OutlierVentures / QTM-Interface

GNU General Public License v3.0
29 stars 18 forks source link

Retrieving Data from Subprocess #37

Closed achimstruve closed 1 year ago

achimstruve commented 1 year ago

Who knows how we can retrieve the post processed data from a subprocess ran script?

In line 45 of ./Model/interface.py we call the subprocess to run the simulation script. image

However, how can we for example access the data returned by the postprocessing function in row 68 ./Model/simulation.py inside of the interface.py script to have it available for future plots on the website? image

achimstruve commented 1 year ago

My colleague @Scott-Canning mentioned that we could also leverage a SQLlite3 database as it is a straight forward approach and I am quite confident that it is compatible with pandas data frames.

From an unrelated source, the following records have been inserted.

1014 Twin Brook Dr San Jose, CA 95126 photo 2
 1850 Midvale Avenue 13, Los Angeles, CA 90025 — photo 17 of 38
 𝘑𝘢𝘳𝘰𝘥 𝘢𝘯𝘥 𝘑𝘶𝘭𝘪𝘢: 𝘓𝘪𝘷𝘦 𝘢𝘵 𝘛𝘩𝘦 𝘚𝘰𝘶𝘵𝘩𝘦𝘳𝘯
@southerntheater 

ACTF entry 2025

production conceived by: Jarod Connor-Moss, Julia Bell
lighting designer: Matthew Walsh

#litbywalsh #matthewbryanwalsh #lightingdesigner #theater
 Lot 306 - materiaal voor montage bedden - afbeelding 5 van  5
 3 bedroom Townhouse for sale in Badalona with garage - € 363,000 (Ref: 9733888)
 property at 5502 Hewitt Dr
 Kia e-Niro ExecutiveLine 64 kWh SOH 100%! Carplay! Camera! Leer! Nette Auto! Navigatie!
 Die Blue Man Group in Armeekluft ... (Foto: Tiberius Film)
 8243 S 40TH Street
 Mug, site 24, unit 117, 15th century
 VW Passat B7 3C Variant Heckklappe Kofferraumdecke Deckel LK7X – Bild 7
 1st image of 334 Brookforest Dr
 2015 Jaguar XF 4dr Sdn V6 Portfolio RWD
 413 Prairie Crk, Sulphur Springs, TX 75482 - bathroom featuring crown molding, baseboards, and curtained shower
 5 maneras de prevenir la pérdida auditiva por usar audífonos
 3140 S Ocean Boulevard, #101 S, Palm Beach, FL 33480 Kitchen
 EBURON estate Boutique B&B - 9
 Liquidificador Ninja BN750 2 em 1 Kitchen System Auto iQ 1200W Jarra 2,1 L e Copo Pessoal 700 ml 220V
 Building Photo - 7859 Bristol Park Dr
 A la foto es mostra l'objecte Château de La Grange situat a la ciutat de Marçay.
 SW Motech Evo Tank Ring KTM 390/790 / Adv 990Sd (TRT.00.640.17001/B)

https://docs.python.org/3/library/sqlite3.html

cc.: @BlockBoy32

Scott-Canning commented 1 year ago

Sharing a simple example for creating a sqlite3 database file (independent script file to be run once or for overwriting) and an insertion function:

import sqlite3

# Connect to the database
conn = sqlite3.connect('tweets_auto.db')

# Create a table to store JSON data
cursor = conn.cursor()

# Create table
cursor.execute('''CREATE TABLE tweets
                  (id TEXT PRIMARY KEY,
                   author_id TEXT,
                   username TEXT,
                   created_at TEXT,
                   impression_count INTEGER,
                   like_count INTEGER,
                   quote_count INTEGER,
                   reply_count INTEGER,
                   retweet_count INTEGER,
                   text TEXT)''')

# Commit the changes and close the connection
conn.commit()
conn.close()`
def load_user_tweets(user_tweets):
    # Connect to the database
    conn = sqlite3.connect('tweets_auto.db')
    cursor = conn.cursor()

    # Pull username
    username = user_tweets['includes']['users'][0]['username']

    # Insert data
    for tweet in user_tweets['data']:
        try:
            cursor.execute("INSERT INTO tweets VALUES (?, ?, ?, ?, ?, ?, ?, ?, ?, ?)",
                (
                    tweet['id'], 
                    tweet['author_id'],
                    username,
                    tweet['created_at'],
                    tweet['public_metrics']['impression_count'],
                    tweet['public_metrics']['like_count'],
                    tweet['public_metrics']['quote_count'],
                    tweet['public_metrics']['reply_count'],
                    tweet['public_metrics']['retweet_count'],
                    tweet['text']
                )
            )

        except Exception as error:
            # Handle any errors that occur during data insertion
            print(f"Error upon load: {error}")
            conn.rollback()

        else:
            # Commit the changes to the database if no errors occurred
            conn.commit()

    # Close the database connection
    conn.close()
BlockBoy32 commented 1 year ago

@Scott-Canning Thanks for the advice, @achimstruve I implemented a POC with all of the data flowing properly. It seems to still be very slow on the interface but I cannot pin why. I can dig into it more when I have the cycles, cheers.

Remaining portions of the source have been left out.